Every four years, the world's sporting attention shifts to one location for the FIFA World Cup. In a melting pot of world cultures like the United States of America, national pride is pertinent on city streets whether you are from Brazil, Croatia, Nigeria or right here in the U.S.
This year, the city of Seattle has a different perspective on the World Cup, as 20-year-old Sounders FC defender DeAndre Yedlin suits up for the U.S. National Team alongside Sounders teammate Clint Dempsey, who has been in Seattle less than a year but has already become an iconic figure in a city that loves its sports stars.
That civic and club pride is ubiquitous on the streets as fans don their Rave Green and their Red, White and Blue in support of club and country for the two Sounders FC stars that are in Brazil preparing for the biggest games of their lives.
In previous years, Seattle could look to the World Cup with pride as local products Chris Henderson, Kasey Keller and Marcus Hahnemann represented the U.S. National Team.
This is different though.
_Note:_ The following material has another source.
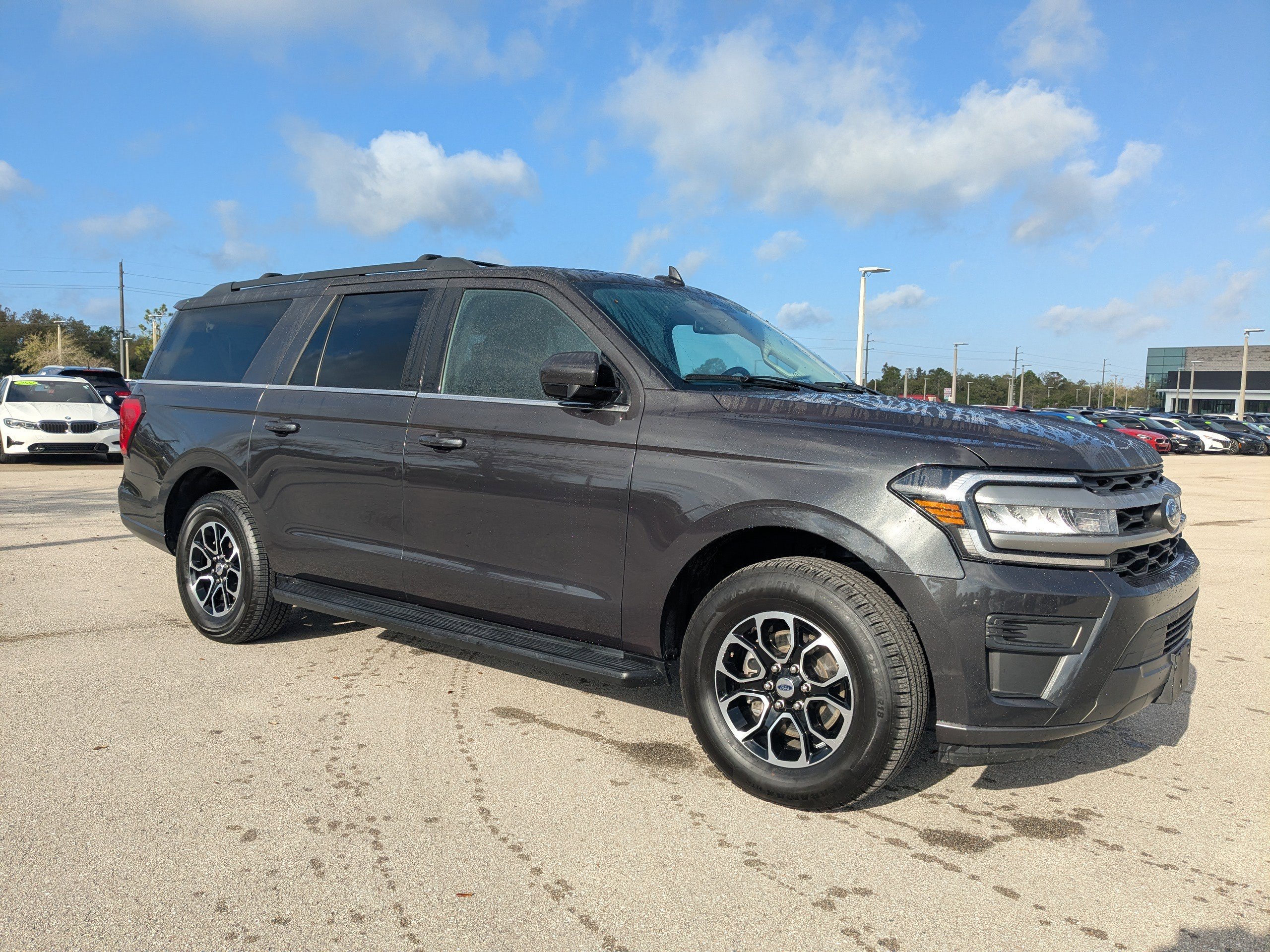 Used 2024 Ford Expedition Max XLT image 2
Not only is there a local product on the team in Yedlin, but Yedlin and Dempsey go to the biggest stage representing the local club. When commentators talk about those two – and they will talk plenty about Dempsey if things are going well for the U.S. – they will be talking about "Sounders FC forward Clint Dempsey" and fans can beam with pride in a way they have never been able to before.
In 2010, Sounders FC fans could watch Blaise Nkufo playing with Switzerland, as Seattle had announced his signing well before the World Cup and he would join the team shortly thereafter. What fans didn't know at the time was that Seattle was also in talks with Uruguayan midfielder Alvaro Fernandez and once he completed a run to the quarterfinals, he joined the Sounders, where he would stay for two years before a trade to the Chicago Fire.
Henderson, who is now the Sporting Director with Sounders FC, didn't rule out a similar move this year.
"It's exciting with the summer window opening. I know last World Cup we were really busy with new players coming in, but we're always looking," Henderson said. "Players are coming to us, we're keeping our eye on some guys and we'll see what happens with the summer window, but for next year too, we've got to look forward for that."
Seattle isn't alone in watching its club players on the World Cup stage.
There are 22 MLS players from 13 clubs on World Cup rosters, more than any other year in league history. That includes 10 players with the U.S., four with Honduras and three with Costa Rica, but with the addition of David Villa with New York City FC and Julio Cesar with Toronto FC, there are also players with some of the favorites to win the tournament in Spain and Brazil.
Sounders FC has had 12 players with World Cup experience either before, during or after their time with Seattle.
Those include current players Leo Gonzalez, Marcus Hahnemann, Obafemi Martins, Gonzalo Pineda, Dempsey and Yedlin, and former players Fernandez, Eddie Johnson, Keller, Freddie Ljungberg, Mario Martinez and Nkufo.
Three players with the Sounders in the USL from 1994-2008 also went on to play in World Cups – Hahnemann, Brian Ching and Herculez Gomez.
During the NASL era from 1974-1983, there were a slew of players who previously had played in World Cups, but none greater than Geoff Hurst and Bobby Moore. Their time with Seattle may have been short, but Hurst and Moore brought with them the prestige of a World Cup championship, which they won together in 1966. Hurst was the last player to score a hat trick in a World Cup final that year when he scored three goals against West Germany and Moore was the captain in 1966 and 1970.
In addition, Joe Corrigan played in the 1982 World Cup with England, Tommy Hutchinson played in 1974 for Scotland and Ian Bridge played in 1986 for Canada.
However, 2014 will be remembered as the first year that an active player for the Sounders was on a World Cup roster – and Seattle has two.